Rogers et al. (2015) - in New Zealand E. lanigerum management currently relies entirely on biological control, predominantly by A. mali. This provides effective control in the absence of disruptive insecticides. A severe and damaging outbreak of E. lanigerum in Hawkes Bay in 2007-08 was primarily caused by application of the insecticide spinetoram, but other insecticides can contribute to the instability of this biocontrol system. Since 2008 apple growers have reduced their use of disruptive pesticides, especially spinetoram, thiacloprid and carbaryl. Although E. lanigerum populations took several seasons to stabilise, there has not been a widespread outbreak since this period.

Impacts on non-targets:

Bulman et al. (2021) - to identify parasitoids of native New Zealand aphids, native aphids were collected throughout the South Island between 2006 and 2018. Parasitism was rare; in total only observed from eight native aphid species at 16 locations. All cases of parasitism were by phylogenetically related native Aphidiinae [a subfamily of family Braconidae that use aphids as hosts], and it seems reasonable to conclude that this is the predominant parasitoid threat that these aphids experience. The total number of parasitoids located was low due to the rarity of the aphid hosts themselves, so the possibility of infrequent interactions between biocontrol agents and endemic aphids cannot be eliminated. However, over the 14-year collection period of this study, no examples of native aphid parasitism by introduced parasitoids was found.
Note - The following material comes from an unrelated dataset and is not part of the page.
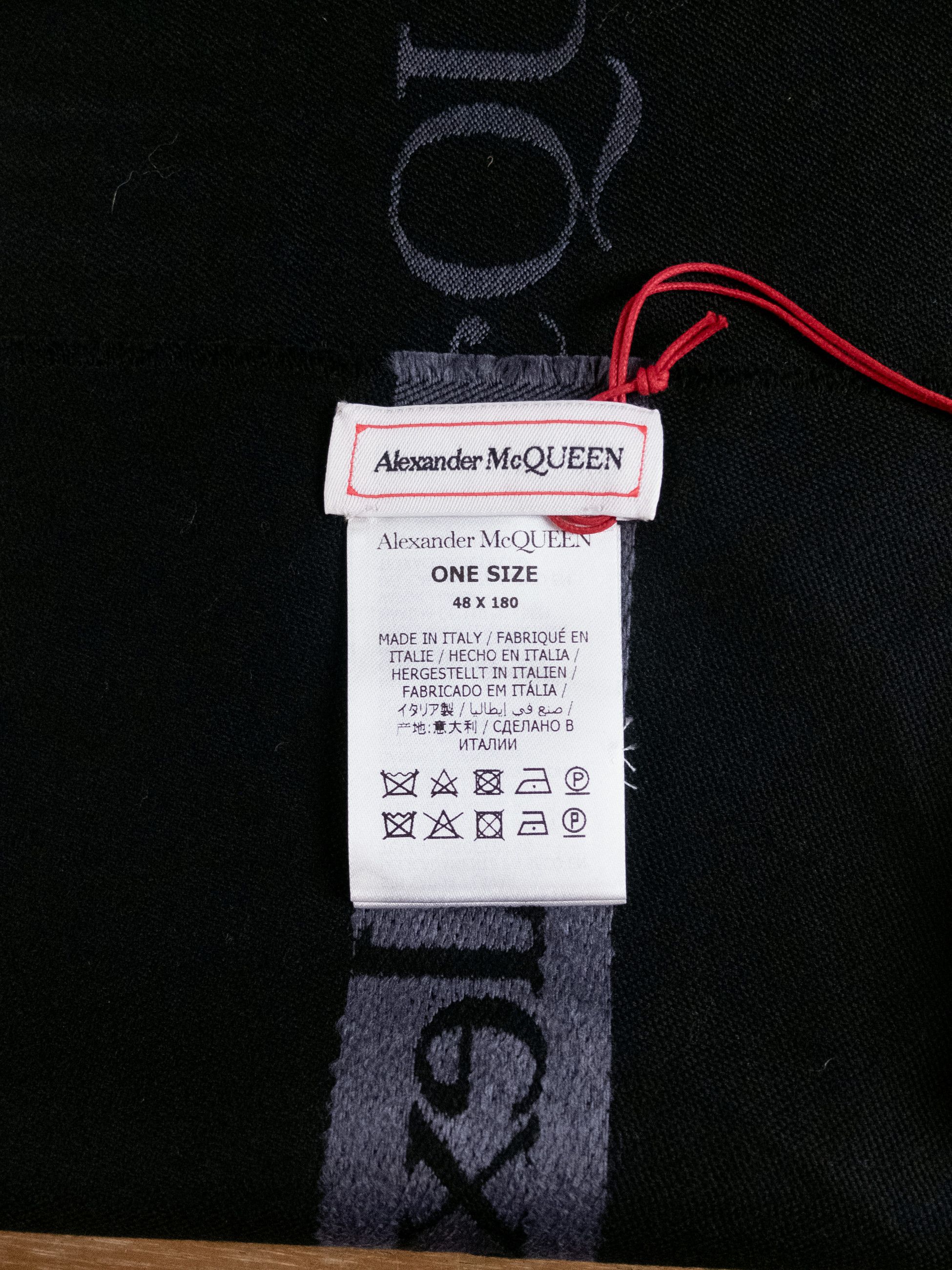 Alexander McQueen ALEXANDER MCQUEEN black Dragonfly print wool scarf q Size ONE SIZE - 5 Thumbnail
Bulman S, Drayton GM, Cameron PJ, Teulon DAJ, Walker GP (2021). Endemic New Zealand aphids (Hemiptera: Aphididae) parasitised by native Aphidiinae (Hymenoptera: Braconidae), not biological control parasitoids. Austral Entomology 60(4): 713-721 https://doi.org/10.1111/aen.12564

Cameron PJ, Hill RL, Bain J, Thomas WP (1989). A Review of Biological Control of Invertebrate Pests and Weeds in New Zealand 1874-1987. Technical Communication No 10. CAB International Institute of Biological Control. DSIR Entomology Division. 424p.

Cameron PJ, Hill RL, Bain J, Thomas WP (1993). Analysis of importations for biological control of insect pests and weeds in New Zealand. Biocontrol Science and Technology 3(4): 387-404

Rogers DJ, Lo PL and Walker JTS (2015). Vulnerability of pest management in New Zealand apples: pesticide toxicity to Aphelinus mali (Hymenoptera: Encyrtidae) New Zealand Plant Protection 68: 299-305

Tillyard RJ (1923). History of the introduction of beneficial insects into New Zealand. Proceedings of the Pan-Pacific Science Congress, Australia, 383-390.